# Great place to visit close to Moab ...Goblin Valley State Park



## Giant Warp (Jun 11, 2009)

Seven miles of mountain ebiking. Almost all trails are one direction of travel now. Hiking is also great! https://stateparks.utah.gov/parks/goblin-valley/mountain-biking/


----------



## honkinunit (Aug 6, 2004)

Giant Warp said:


> Seven miles of mountain ebiking. Almost all trails are one direction of travel now. Hiking is also great! https://stateparks.utah.gov/parks/goblin-valley/mountain-biking/


I didn't realize those trails existed, the last time I was over there was April of 2015. You can see the State Park campground in the video, but there is a lot of free camping down the Little Horse Canyon Road that goes all the way to Caineville.
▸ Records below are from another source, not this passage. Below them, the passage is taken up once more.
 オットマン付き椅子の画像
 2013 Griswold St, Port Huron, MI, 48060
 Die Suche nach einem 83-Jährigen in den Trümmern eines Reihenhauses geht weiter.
Goblin Valley would make a good base camp.

There is the famous Factory Butte OHV area over there that might be a bit of fun on an eMTB. You could ride an eBike for weeks on the Jeep and motorcycle trails in the Swell.

Here is a trail in the Swell that is just a little more difficult: 




I did 5MOH on my MTB about 10 years ago, I can't wait to get back over there with my eMTB.


----------



## Giant Warp (Jun 11, 2009)

That is great!


----------



## x3DHD (Dec 26, 2012)

Are these really Ebike Legal? I couldn't find anything that said they were.


----------